In my own research I have reported the ordinary and everyday racisms present in Britain for over 25 years and the most startling conclusion I draw from my own work is not the extent of racism. Rather it is the ease with which it is evidenced; the ease with which it is acknowledged within policy and the abiding sense that nothing ever really changes. Five years, or ten years from now, we will face a new crisis and we will read the same media commentators expressing their bewilderment in the face of BME people dying unnecessarily.

Last year was the 20th anniversary of the Stephen Lawrence Inquiry. The identification and eradication of structural ‘institutional racism’ at the heart of institutional life was the cornerstone of its recommendations. Recommendations that were, with very few exceptions, widely accepted within public and private institutions. Sadly, (or in a more literal sense criminally) these recommendations have been part of the rhetoric of public life rather than actions. The evidence for this failure is abundant; in the numbers of Black men stopped and searched by the police, in lower GCSE and A Level results and degree classifications for BME students or in the persistent inequalities in employment and earning outcomes.  We don’t have to look hard to find this evidence; its out in the open and always has been.
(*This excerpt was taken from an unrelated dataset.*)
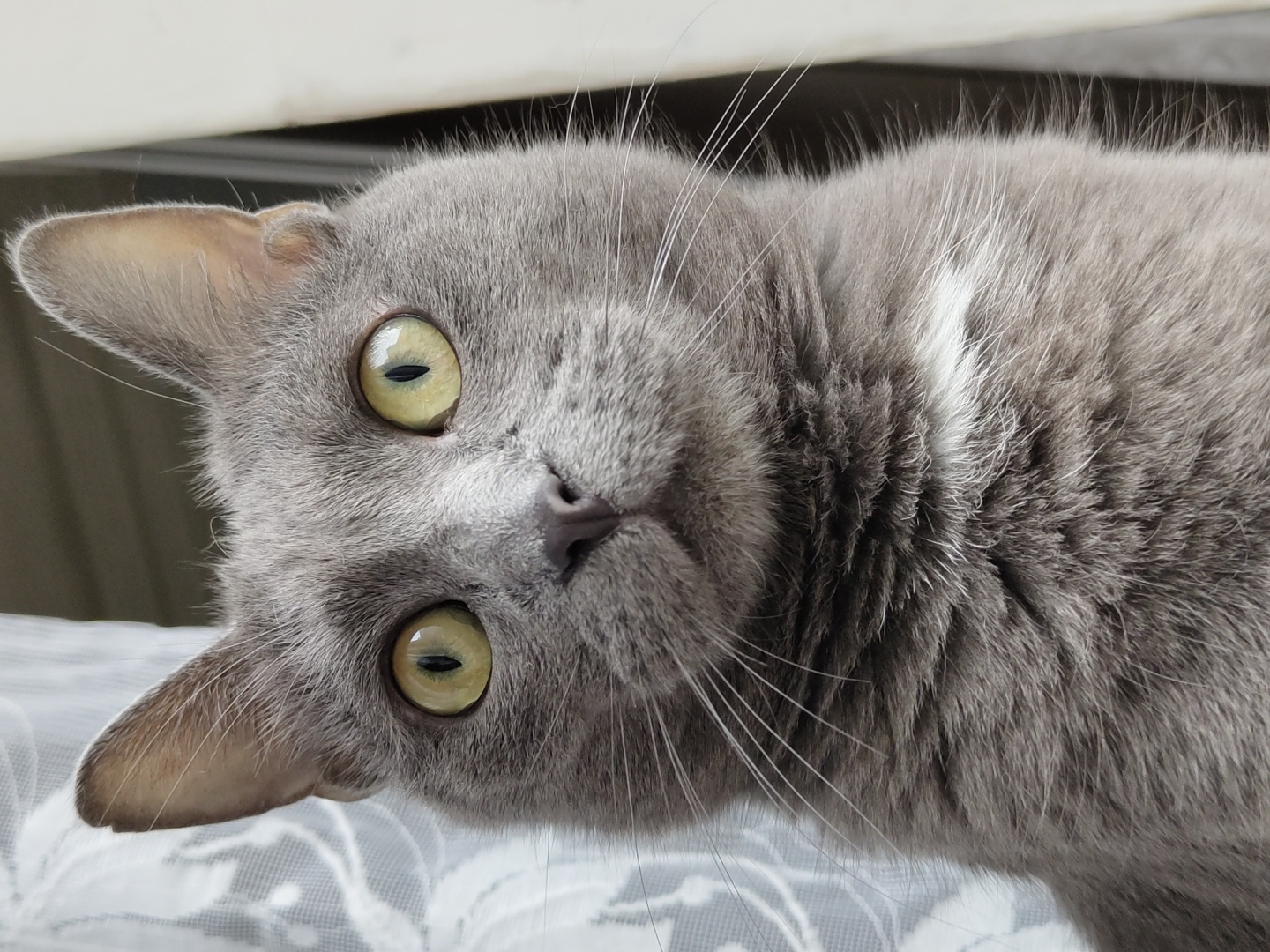 This media file is a close-up, horizontal shot of a Russian Blue cat lying down, with its head tilted sideways and looking directly at the camera. The cat has striking green-yellow eyes with vertical pupils, and its fur is a uniform, soft gray. A thin white marking is visible on its neck.
The cat is resting on a surface covered with a white, lacy fabric, which appears to be a tablecloth or decorative cloth. In the background, a light-colored, textured surface, possibly a shelf or furniture, is visible. The lighting suggests it might be daytime, but there are no clear indicators of the specific time or weather conditions.
The cat's expression is alert and curious, with its ears perked forward. The overall mood is one of intimacy and close observation, as the camera is positioned very near the animal. No text is visible in the image.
White privilege: Protect and survive

It’s hardly surprising that Black groups are disproportionately dying from COVID-19. The  predominance of whiteness and white privilege work to perpetuate and reinforce the powerless position of BME groups.

A denial of the processes of structural and institutional racism that manifests in different ways (through education, the labour market, health and poverty) work to perpetuate the myth that racism is no longer a problem. COVID-19 has shown us, once again, that this is not the case because racism is in Delgado and Stefancic’s words so very ‘ordinary’.

If we are serious about addressing such inequalities and how white privilege works, we must look to improving the lives of BME communities; addressing deeply entrenched structural and institutional racism in order that we can work towards a society which values equity and social justice for all of its members, rather than the privileged few. The collateral damage from COVID-19 for BME communities is already evident.